WHAT NEEDS TO BE DONE » Using the records below, copy every line that holds the string "Premier".

EXERCISE INPUT »

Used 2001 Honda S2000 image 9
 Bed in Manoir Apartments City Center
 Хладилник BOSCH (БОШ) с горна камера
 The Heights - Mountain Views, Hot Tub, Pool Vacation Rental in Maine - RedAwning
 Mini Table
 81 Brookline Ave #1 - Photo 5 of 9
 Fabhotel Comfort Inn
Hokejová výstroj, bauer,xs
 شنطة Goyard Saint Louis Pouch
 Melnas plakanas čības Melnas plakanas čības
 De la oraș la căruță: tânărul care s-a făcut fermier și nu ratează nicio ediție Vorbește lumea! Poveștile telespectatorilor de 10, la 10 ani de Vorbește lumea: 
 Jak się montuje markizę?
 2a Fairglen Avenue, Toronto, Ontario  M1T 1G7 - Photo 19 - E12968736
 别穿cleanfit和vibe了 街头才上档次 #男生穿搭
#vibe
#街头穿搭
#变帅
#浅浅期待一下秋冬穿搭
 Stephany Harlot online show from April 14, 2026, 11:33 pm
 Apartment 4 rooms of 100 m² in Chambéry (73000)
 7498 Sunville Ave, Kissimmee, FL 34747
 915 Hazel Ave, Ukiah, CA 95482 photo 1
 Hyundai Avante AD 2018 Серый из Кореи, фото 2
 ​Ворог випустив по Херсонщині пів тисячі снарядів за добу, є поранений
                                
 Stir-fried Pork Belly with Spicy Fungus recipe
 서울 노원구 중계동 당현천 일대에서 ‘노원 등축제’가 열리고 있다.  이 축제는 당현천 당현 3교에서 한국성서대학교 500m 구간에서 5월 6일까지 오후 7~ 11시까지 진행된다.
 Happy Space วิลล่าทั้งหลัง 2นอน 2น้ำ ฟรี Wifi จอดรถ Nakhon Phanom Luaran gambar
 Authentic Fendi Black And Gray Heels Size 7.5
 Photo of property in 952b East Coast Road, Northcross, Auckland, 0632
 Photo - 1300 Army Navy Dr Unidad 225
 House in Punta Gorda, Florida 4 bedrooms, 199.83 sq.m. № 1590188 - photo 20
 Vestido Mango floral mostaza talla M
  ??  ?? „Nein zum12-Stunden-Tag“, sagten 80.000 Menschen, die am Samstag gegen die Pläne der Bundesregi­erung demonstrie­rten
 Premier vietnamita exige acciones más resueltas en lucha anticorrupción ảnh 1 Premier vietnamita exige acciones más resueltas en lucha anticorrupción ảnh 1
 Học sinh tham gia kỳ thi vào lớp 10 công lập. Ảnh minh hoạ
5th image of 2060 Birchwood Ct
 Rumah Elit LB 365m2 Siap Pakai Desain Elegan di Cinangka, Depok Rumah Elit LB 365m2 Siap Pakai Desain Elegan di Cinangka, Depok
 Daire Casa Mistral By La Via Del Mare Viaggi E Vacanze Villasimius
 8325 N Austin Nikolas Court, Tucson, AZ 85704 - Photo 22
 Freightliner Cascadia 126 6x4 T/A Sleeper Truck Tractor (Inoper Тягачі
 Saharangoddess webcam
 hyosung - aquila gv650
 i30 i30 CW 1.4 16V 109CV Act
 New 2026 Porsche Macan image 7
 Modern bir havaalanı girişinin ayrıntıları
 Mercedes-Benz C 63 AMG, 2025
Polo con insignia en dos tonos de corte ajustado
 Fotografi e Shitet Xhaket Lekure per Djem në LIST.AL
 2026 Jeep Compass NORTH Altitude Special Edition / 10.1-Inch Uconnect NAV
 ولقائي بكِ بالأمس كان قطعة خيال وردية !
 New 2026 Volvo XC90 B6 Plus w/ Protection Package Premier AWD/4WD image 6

RESULT FOR THIS EXERCISE »
 Premier vietnamita exige acciones más resueltas en lucha anticorrupción ảnh 1 Premier vietnamita exige acciones más resueltas en lucha anticorrupción ảnh 1
 New 2026 Volvo XC90 B6 Plus w/ Protection Package Premier AWD/4WD image 6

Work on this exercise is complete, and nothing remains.